Hyperscalers are transitioning from asset-light cash machines to asset-heavy industrial builders.
With ~$725B 2026 CapEx guidance (AMZN/MSFT/GOOG/META), the panel expects more leverage, financial engineering, and altered valuation narratives as these firms prioritize infrastructure over free cash flow.
This CapEx cycle is not ‘dot-com dark fiber’ because utilization is already here.
Sacks’ core distinction is there are “no dark GPUs”: demand is pulling infrastructure forward now, unlike overbuilt fiber that lacked near-term applications in 2000.

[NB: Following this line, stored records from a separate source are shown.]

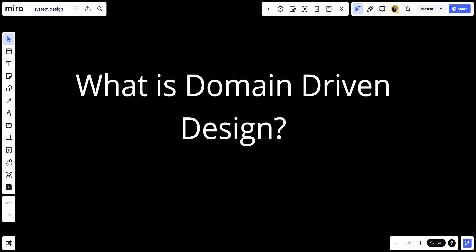Hey Tube, welcome back. What is domain-driven design?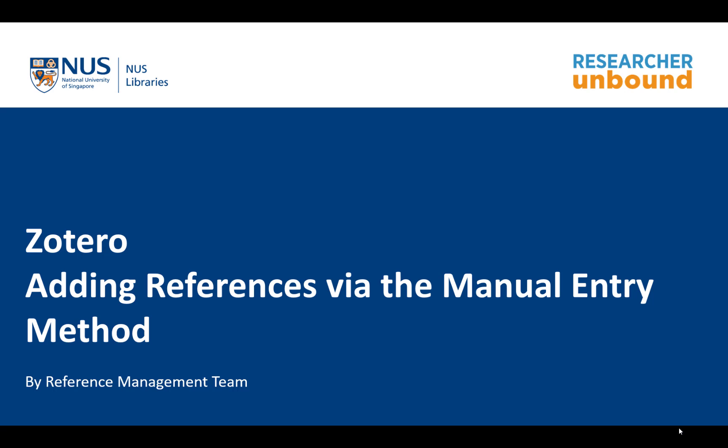In this short video, I am going to show you how you can add references into Zotero standalone using the manual entry method.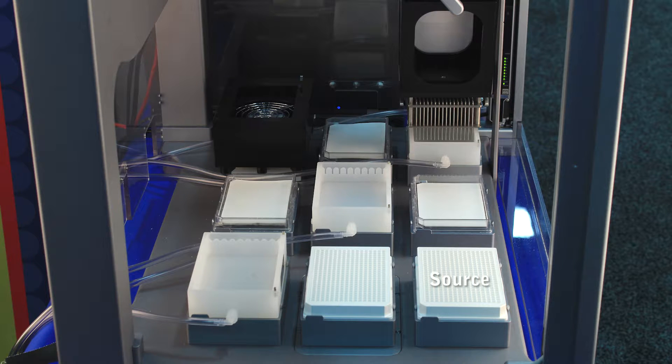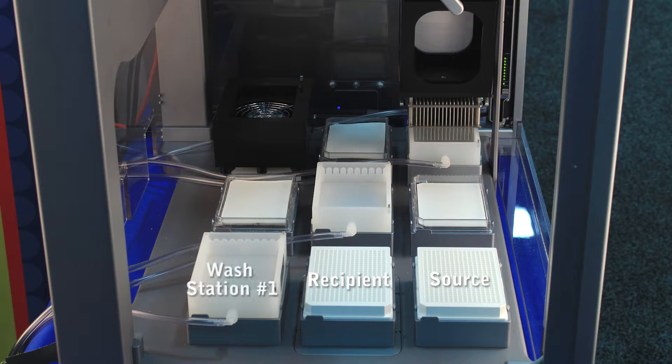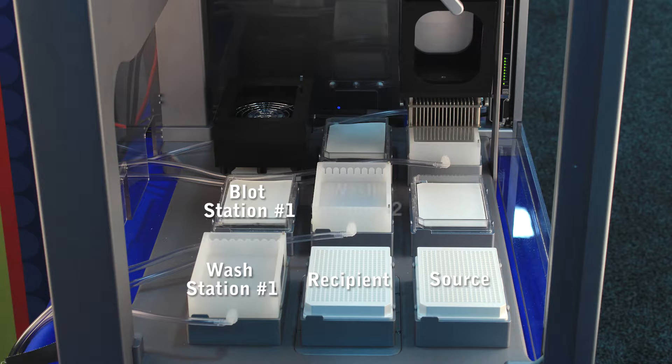The source plate is where the transfer cycle starts. Moving to the recipient or daughter plate, wash station number one consists of either 10% bleach or DMSO, then a blotting station, then wash station number two filled with distilled water.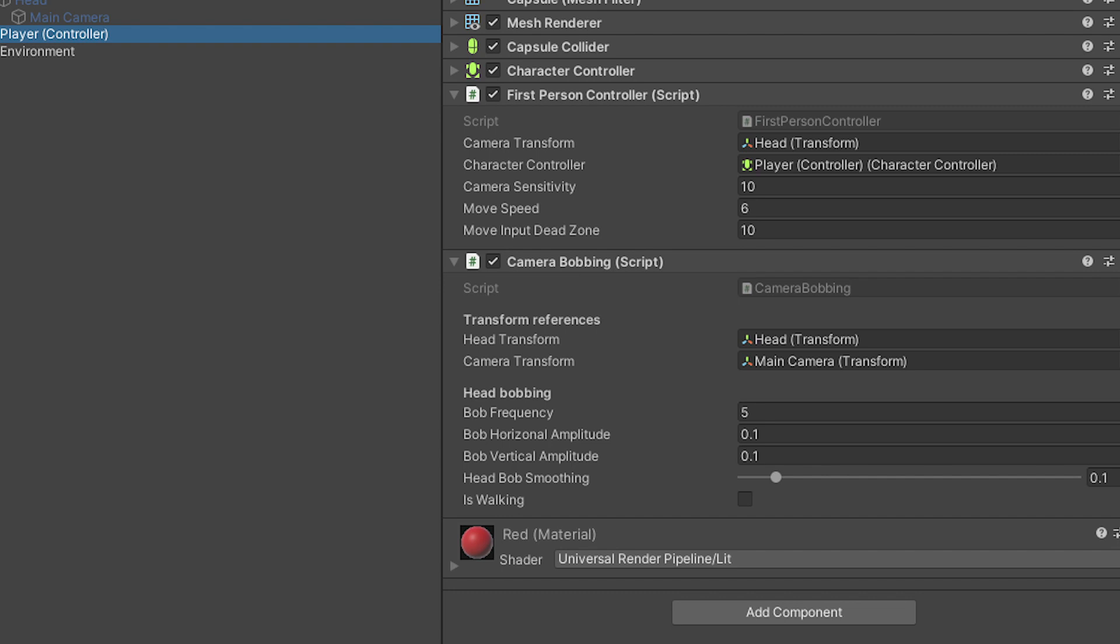For this time, I will leave a link to an updated version of my first person controller that works with this camera bobbing component in the description. But if you're using your own script, you can easily implement it in that.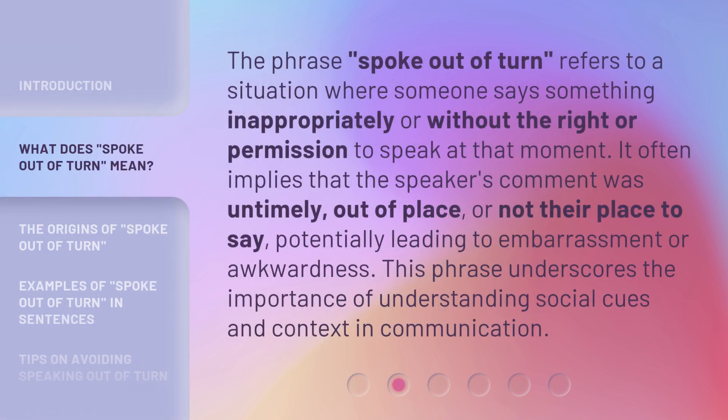The phrase 'Spoke Out of Turn' refers to a situation where someone says something inappropriately or without the right or permission to speak at that moment. It often implies that the speaker's comment was untimely, out of place, or not their place to say, potentially leading to embarrassment or awkwardness. This phrase underscores the importance of understanding social cues and context in communication.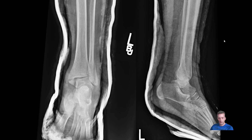Here is our patient after reduction. You can see the silhouette of the plaster — she's in a posterior short leg splint as well as a stirrup, giving three-sided immobilization. The joint has been reduced: the distal tibia is now sitting over the talus, and the fractures are in better anatomic alignment.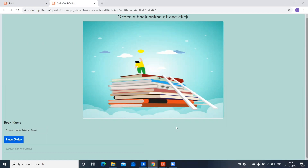As part of this demo, I have taken a very small application where the user can come online and order a book at just one click. This is how the application looks once after we develop it. The user would enter the book name and go ahead and place the order, and as a confirmation they can see a message here.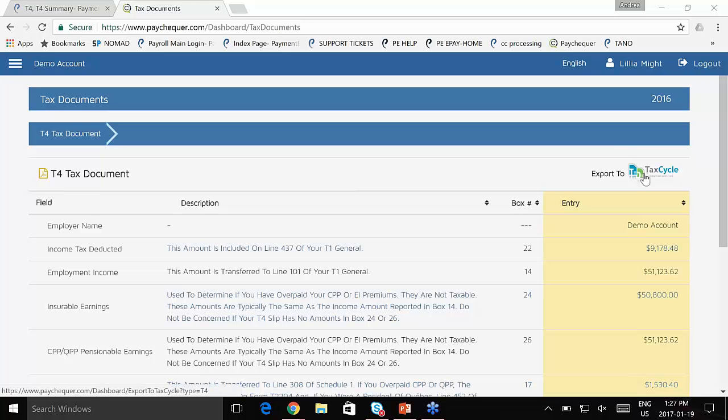employees can simply click the button right there and export it directly into their accountant's version of TaxCycle.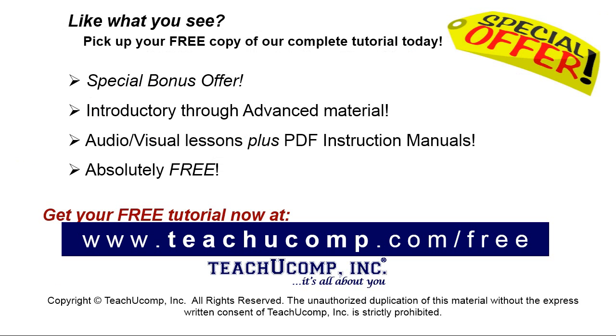Like what you see? Pick up your free copy of the complete tutorial at www.teachucomp.com/free.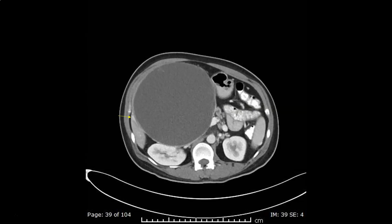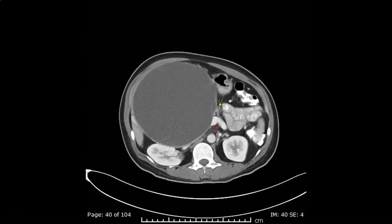We still see the duodenum. Here is the confluence of the superior mesenteric vein and the splenic vein to form the portal vein, displaced to the left by the lesion, pointed to by the red arrow. The yellow arrow shows the pancreatic body as it comes in direct relation to the left side of the lesion.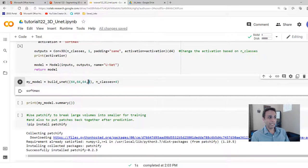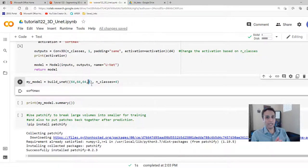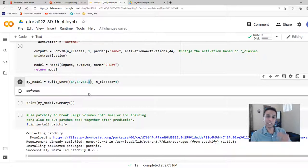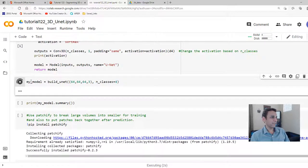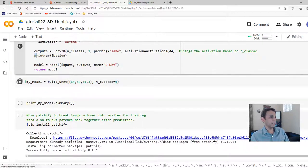For multi-channel images — for example the BraTS brain scan dataset — you can combine multiple channels into a single input. If you have four different modality channels, make the input 64×64×64×4. For now, let's keep it at 64×64×64×3 (X, Y, Z, and three channels) with number of classes equal to four. Let's print out the model summary.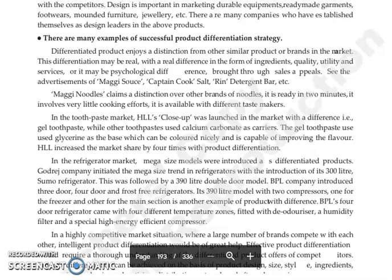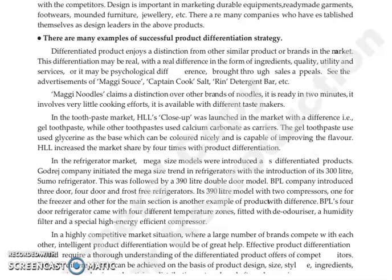In the refrigerator market, mega-size models were introduced as differentiated products. Godrej initiated the mega-size trend by launching 300-liter and Sumo refrigerators, followed by a 390-liter double-door model. BPL then introduced 3-door, 4-door, and frost-free refrigerators. The BPL 4-door refrigerator features 4 different temperature zones, a humidity filter, and a high energy-efficient compressor — all examples of product differentiation.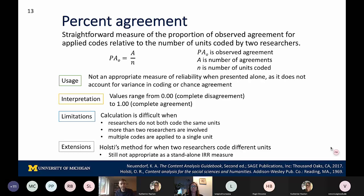While percent agreement is a useful measure because it's rather straightforward to interpret, it is important to note that it doesn't necessarily appeal to the notion of reliability itself. There are certain situations that can be more difficult to calculate, but there are some extensions that work around some of these limitations, such as Holsti's method whenever researchers are coding different units.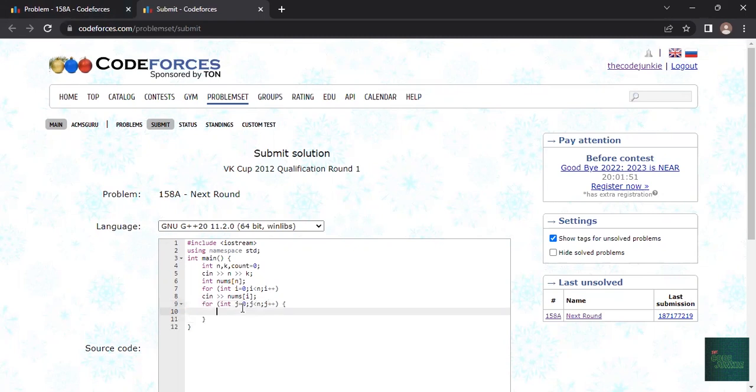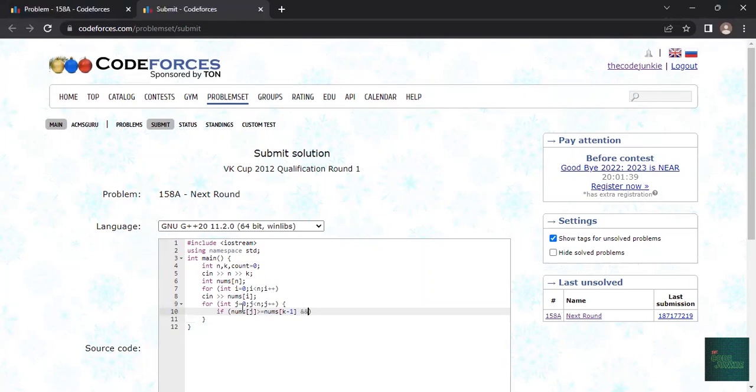Now it is the main logic. Is nums j is greater than or equals to nums of k minus one because indexing is one less, right? We want kth participant so its index will be one less and we want that nums j is positive, like the score is greater than zero.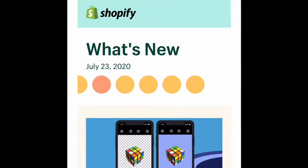Hey there, welcome back to my channel. My name is Brittany Bundles and today's video is going to be all about a new feature, a new app that Shopify is offering.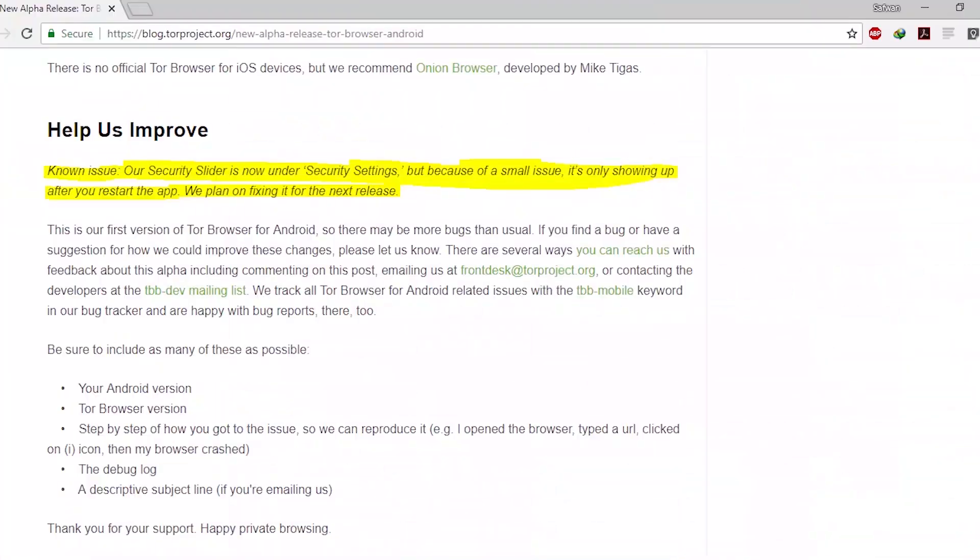As this Tor Browser is in alpha state, some of the features available in the desktop Tor application are not available in this mobile application. Also, you can find some bugs while using this Tor Browser.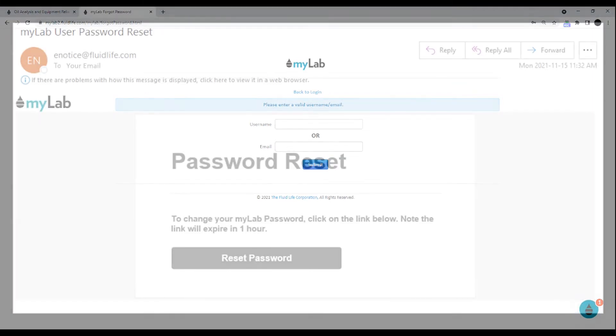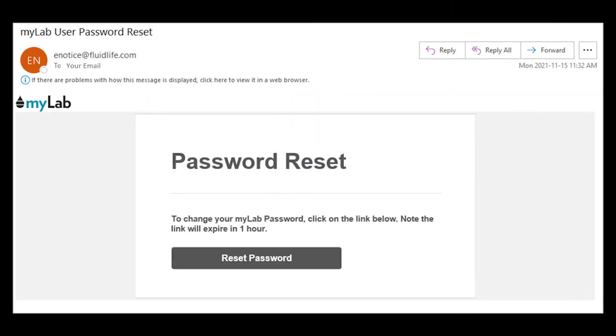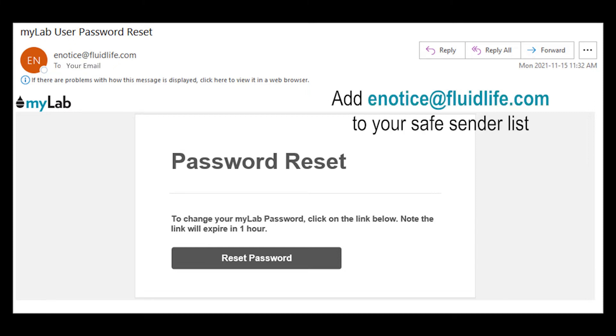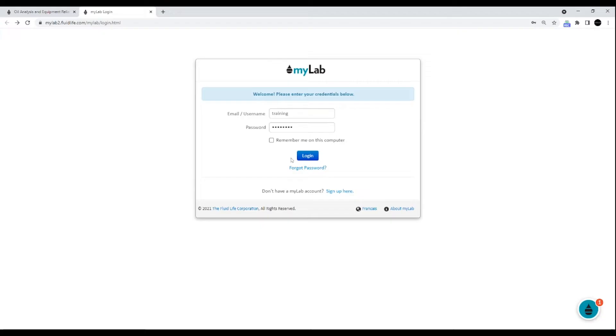An email with a reset link will be sent to your email from enotice at fluidlife.com. Check your junk or spam folder in case the email landed there. Add this email to your safe sender list. Now let's log in.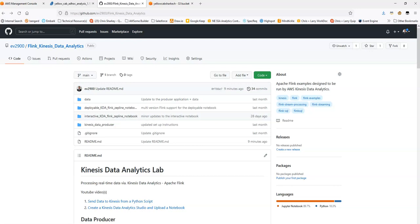Hello, this is the third part of a YouTube video for the following Git repository that runs through some examples of using Flink for real-time data analysis with Kinesis Data Analytics on AWS, and specifically the studio within Kinesis Data Analytics, or KDA.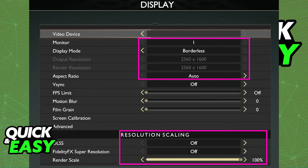If you have access to the resolution options at the top, simply change them to your desired resolution, but if they are grayed out as I'm showing here, like I mentioned, you will have to change the resolution scaling.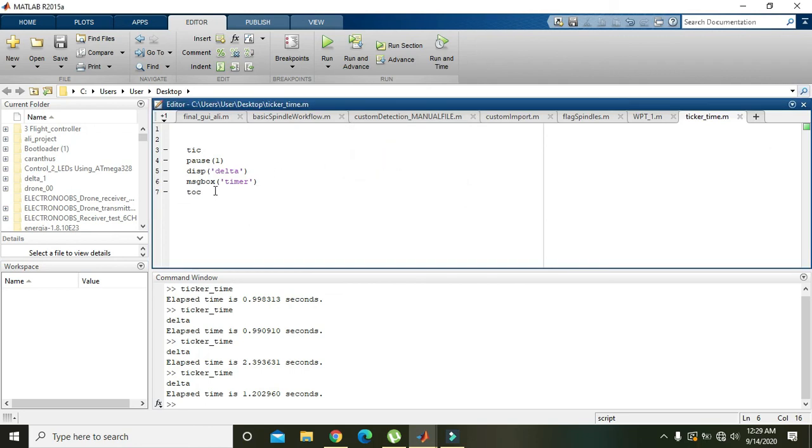So hopefully via this method you can find the execution time or the elapsed time for your program. You can find it easily. Hopefully you got the concept. Thanks for watching this video tutorial.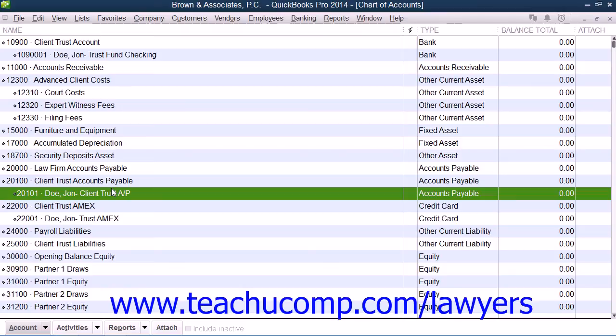Alternately, you can simply keep separate primary accounts for each client and case or matter, if preferred.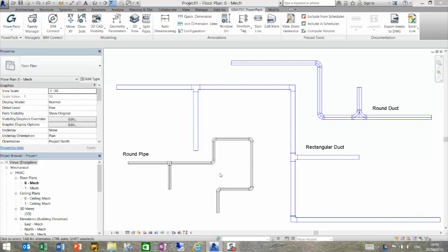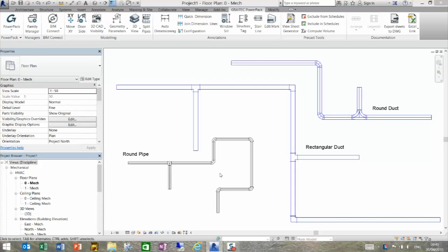Hi, we're looking at the split pipes functionality inside Graytech Power Pack. This function will allow you to split not just pipes but ducts, rectangular and round, into specific sizes, especially for manufacturing.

AI-cyber capability is a dual-use accelerant, not the creator of vulnerabilities.
Sacks argues models like Mythos/GPT-5.5 Cyber mainly discover existing bugs faster; the urgent policy/industry question is whether defenders deploy these tools broadly before attackers (including state actors) do.
WORDS WORTH SAVING
5 quotesThe reason that these folks may miss a number or a forecast have nothing to do with demand. It is entirely 100% due to the supply of the power necessary to generate the output token.
— Chamath Palihapitiya
It doesn't create the vulnerabilities. It just discovers them. The bugs were already in the code.
— David Sacks
AI is now synonymous with the growth of the American economy, and if there's no economic growth, there's not gonna be money to pay for all the social programs, there's not gonna be money to pay down the national debt, there's not gonna be money to basically build up our national defense, all these things we wanna spend money on.
— David Sacks
Rumination is the path to unhappiness. Nobody gives a fuck about your feelings.
— Jason Calacanis
The longer the time horizon for a task, the more likely it is to go off the rails.